The two largest trade unions — the National Union of Metalworkers of SA (Numsa) and National Union of Mineworkers (NUM) — knew they had De Ruyter over a barrel. They held SA to ransom until Eskom tabled a revised 7% offer on June 28.

“It’s been a tough week at the office,” De Ruyter, with some understatement, tells the FM this week. “At some of our power stations, the level of absenteeism was as high as 90%, and the fact is, we need people to operate these stations.”

As blackouts rolled across SA, costing an estimated R4bn a day in lost productivity, the business sector implored President Cyril Ramaphosa to “debottleneck regulatory processes” to save the economy. 

Sceptics, however, questioned the extent to which the strike was to blame. Was this not just an excuse for a utility that, at the mercy of politicians who kicked the can down the road far too long, needed a scapegoat?

“We would still have had load-shedding [without the strike], but it wouldn’t have been as bad as it was,” says De Ruyter. “Our calculations show the unlawful strike cost us between 2,700MW and 2,800MW, the difference between going to stage 2 or 3 load-shedding, and going to level 6.” 

In some cases, the power stations were farcically understaffed. At one, an Eskom finance manager was given a crash course in how to drive a front-end loader, and ended up shovelling coal to keep the lights on. 
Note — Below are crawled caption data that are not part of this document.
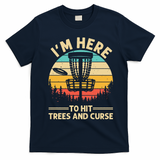Funny Disc Golf For  Disc Golf Player Trees Sports T-Shirt - Navy Blue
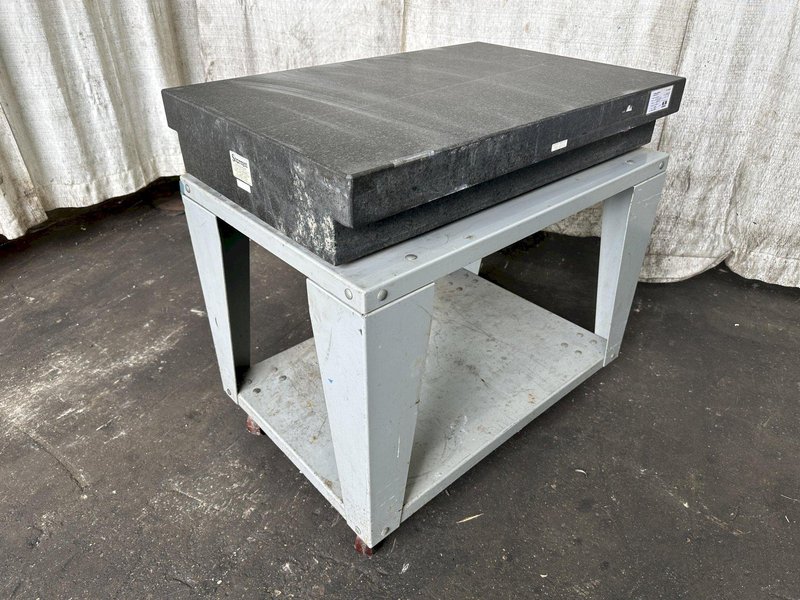 24&quot; X 36&quot; STARRETT GRADE AA GRANITE PLATE: STOCK #77068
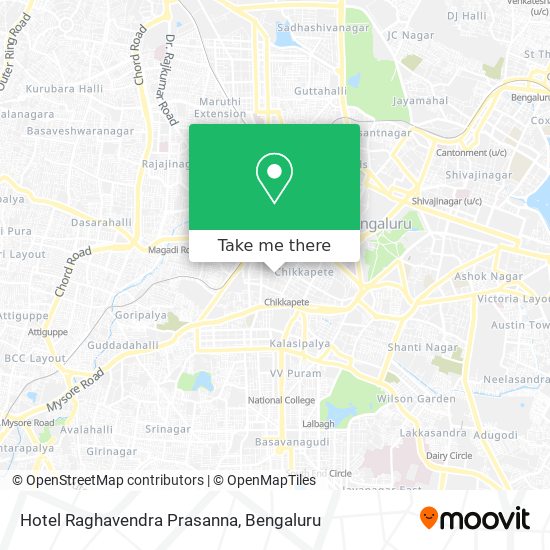 Hotel Raghavendra Prasanna map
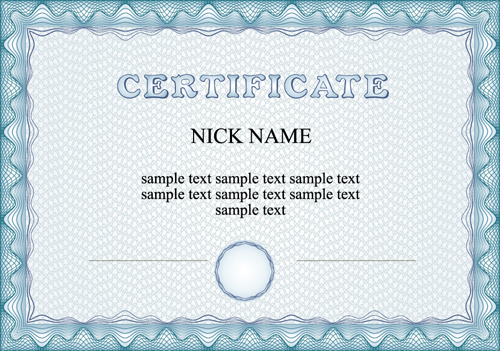 Commonly Certificate cover vector template 01 template cover Commonly certificate   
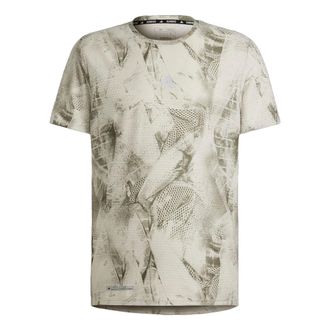 adidas Ultimateadidas Allover Print T-Shirt Grey Olive IN0103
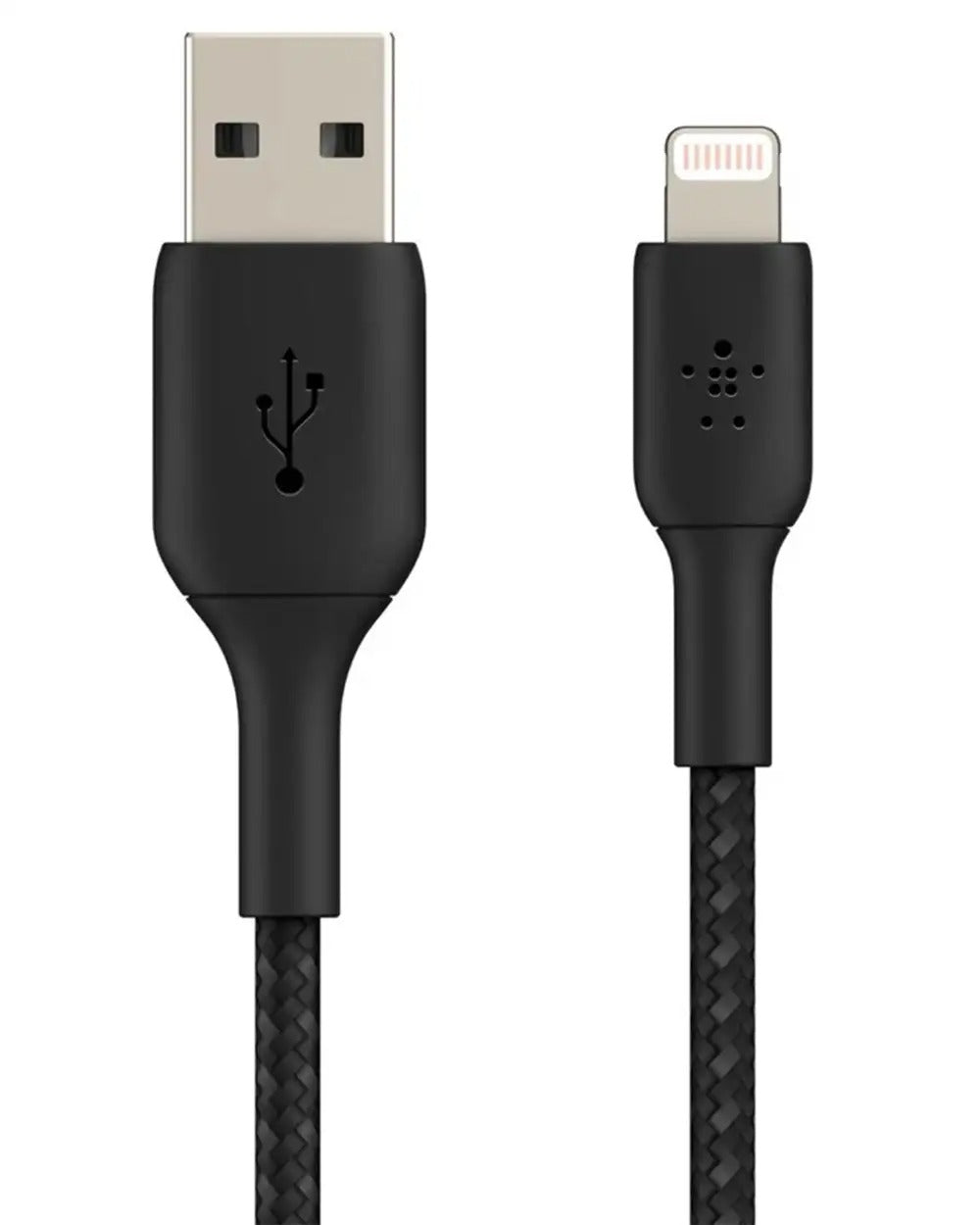 Belkin 3m USB-A Braided Lightning Cable Black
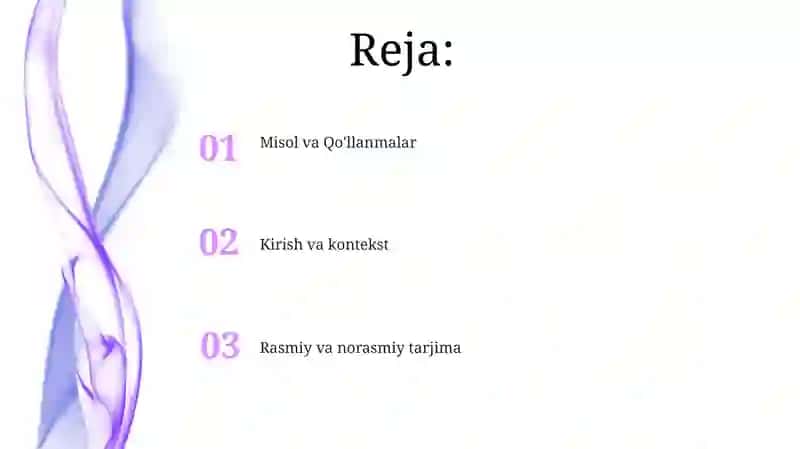 Rasmiy inglizcha tarjima namunalari 2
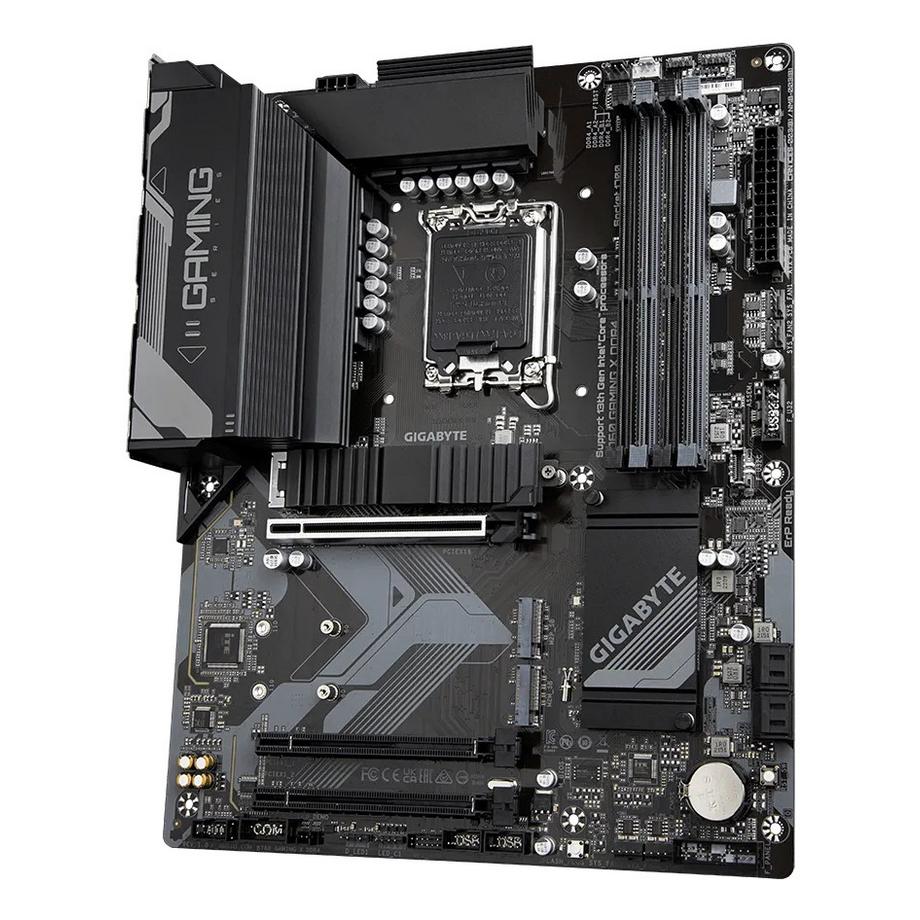 Gigabyte  B760 GAMING X DDR4 Motherboard - Unterstützt Intel Core 14. Generation CPUs, 8+1+1 Phasen Digital VRM, bis zu 5333MHz DDR4 (OC), 3xPCIe 4.0 M.2, 2.5GbE LAN, USB 3.2 Gen 2 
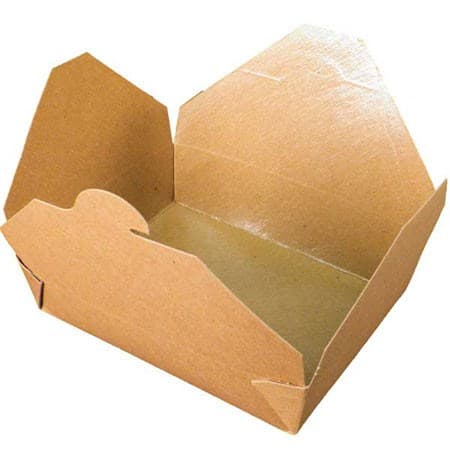 Brown Leaf Leakproof Kraft Container No-12 (166x132x38mm) 2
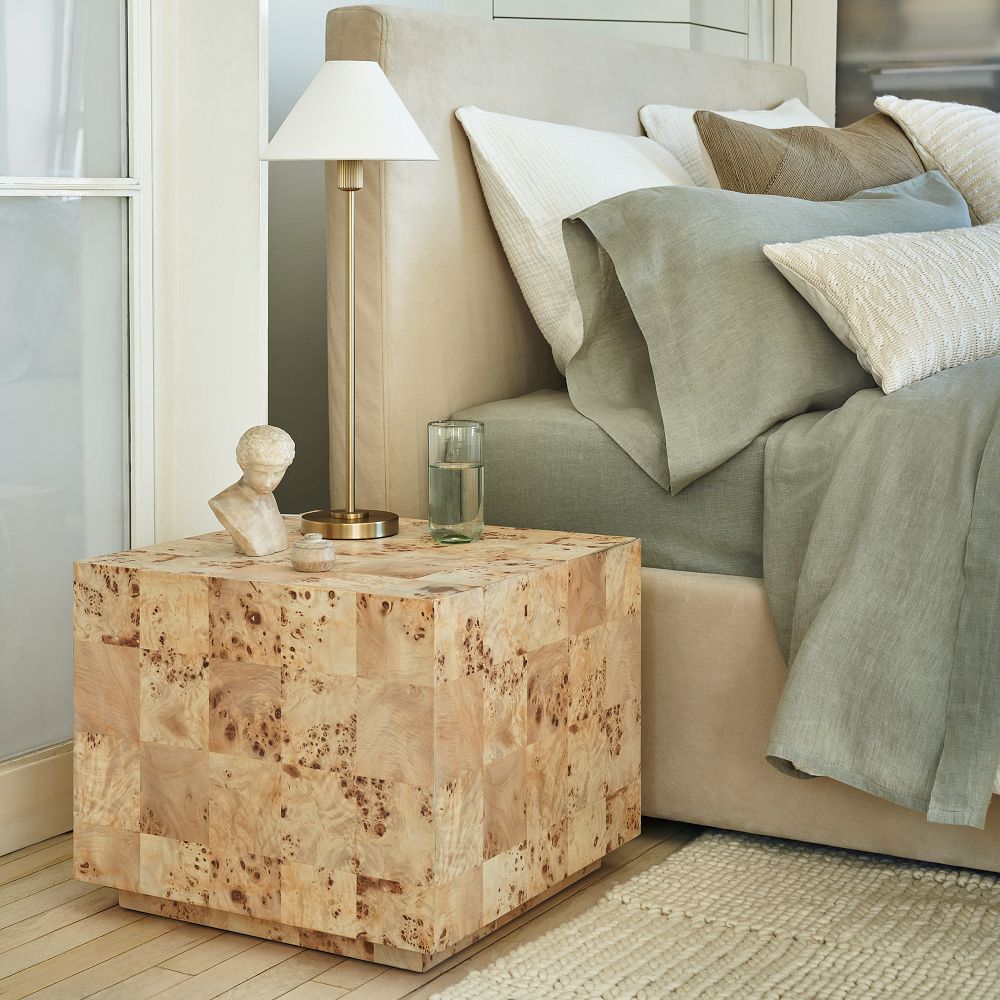 Lampes de table et lampadaires Diora - Abat-jour en lin Style linéaire moderne Accent sophistiqué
“There were people who worked truly extraordinary hours, and went above and beyond. But this just isn’t sustainable,” says De Ruyter.

Nor is it sustainable for the economy, prompting warnings that SA may be headed for a recession.

After a buoyant first quarter, in which SA’s annual GDP growth hit 3% and many economists rushed to upgrade their 2022 growth forecasts, the wheels are rapidly coming off.

“A couple of days of stage 6 load-shedding in one year will neither derail economic growth nor credit ratings outlooks for SA — but persistent, severe load-shedding will,” says Investec economist Annabel Bishop.

Bishop now believes SA is unlikely to achieve real economic growth of more than 2% in 2022, with growth likely to shrink outright in the second quarter (worse than the Reserve Bank’s forecast of 0% growth.)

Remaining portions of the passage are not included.